All British gold medal winners at the 2012 Olympics were honoured with appearing on Royal Mail postage stamps, and having a post box in their home town painted gold. James' "golden" post boxes are located in Wrexham and Coedpoeth.

He was awarded the Freedom of the Borough of Wrexham after successfully defending his gold medal in the coxless fours event at the 2012 Olympics.

He was appointed Member of the Order of the British Empire (MBE) in the 2009 New Year Honours.

==Post-retirement==
James lives in London.
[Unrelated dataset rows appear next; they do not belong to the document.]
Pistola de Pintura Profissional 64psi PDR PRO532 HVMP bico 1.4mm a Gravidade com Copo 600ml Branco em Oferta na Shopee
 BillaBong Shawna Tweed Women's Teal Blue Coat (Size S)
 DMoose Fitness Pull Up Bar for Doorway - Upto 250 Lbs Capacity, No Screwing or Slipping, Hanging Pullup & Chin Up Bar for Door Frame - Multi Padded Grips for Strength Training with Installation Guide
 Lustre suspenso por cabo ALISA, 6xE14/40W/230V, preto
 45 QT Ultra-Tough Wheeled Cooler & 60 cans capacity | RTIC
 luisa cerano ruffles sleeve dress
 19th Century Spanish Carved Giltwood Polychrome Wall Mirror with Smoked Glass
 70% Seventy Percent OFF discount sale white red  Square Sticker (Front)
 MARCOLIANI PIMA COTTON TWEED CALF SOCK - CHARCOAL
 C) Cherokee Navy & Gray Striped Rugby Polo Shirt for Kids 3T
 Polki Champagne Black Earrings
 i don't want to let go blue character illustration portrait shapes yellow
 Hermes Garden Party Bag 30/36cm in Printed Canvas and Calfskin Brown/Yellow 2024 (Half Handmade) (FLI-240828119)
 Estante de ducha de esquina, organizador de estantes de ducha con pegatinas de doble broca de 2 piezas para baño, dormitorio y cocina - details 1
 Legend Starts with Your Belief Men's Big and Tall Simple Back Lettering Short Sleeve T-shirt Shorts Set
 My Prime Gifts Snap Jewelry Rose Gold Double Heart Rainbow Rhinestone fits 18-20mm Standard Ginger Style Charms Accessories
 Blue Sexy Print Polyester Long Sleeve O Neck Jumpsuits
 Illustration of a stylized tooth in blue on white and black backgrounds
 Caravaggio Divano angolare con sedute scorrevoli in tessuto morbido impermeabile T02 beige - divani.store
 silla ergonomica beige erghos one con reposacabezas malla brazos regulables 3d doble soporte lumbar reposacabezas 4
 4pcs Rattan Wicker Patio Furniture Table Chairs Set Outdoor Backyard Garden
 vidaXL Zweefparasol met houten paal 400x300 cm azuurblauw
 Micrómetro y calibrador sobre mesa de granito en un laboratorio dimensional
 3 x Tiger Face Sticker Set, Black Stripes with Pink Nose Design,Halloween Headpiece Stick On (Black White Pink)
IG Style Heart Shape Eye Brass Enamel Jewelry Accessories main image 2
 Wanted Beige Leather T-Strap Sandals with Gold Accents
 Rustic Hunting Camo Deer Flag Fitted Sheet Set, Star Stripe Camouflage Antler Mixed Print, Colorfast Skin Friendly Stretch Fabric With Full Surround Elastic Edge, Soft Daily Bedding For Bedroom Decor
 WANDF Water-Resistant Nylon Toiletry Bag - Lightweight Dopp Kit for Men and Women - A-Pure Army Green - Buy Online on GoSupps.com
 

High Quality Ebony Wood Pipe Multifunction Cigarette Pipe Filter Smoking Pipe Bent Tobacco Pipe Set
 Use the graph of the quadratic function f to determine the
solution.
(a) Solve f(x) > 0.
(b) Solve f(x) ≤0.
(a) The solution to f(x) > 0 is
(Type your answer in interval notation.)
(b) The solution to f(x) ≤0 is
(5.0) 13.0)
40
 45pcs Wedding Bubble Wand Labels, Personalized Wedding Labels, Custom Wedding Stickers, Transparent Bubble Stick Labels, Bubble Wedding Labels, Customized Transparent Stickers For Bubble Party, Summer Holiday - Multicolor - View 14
He was appointed a Steward of the Henley Royal Regatta in 2014. Since retiring he has also done some commentating during the rowing season, mostly at the Henley Royal Regatta and The Boat Race.

James retired from professional rowing in November 2013. Having previously worked for the management consultancy Oliver Wyman James now works as Head of Product and Operations at Executive Nexus.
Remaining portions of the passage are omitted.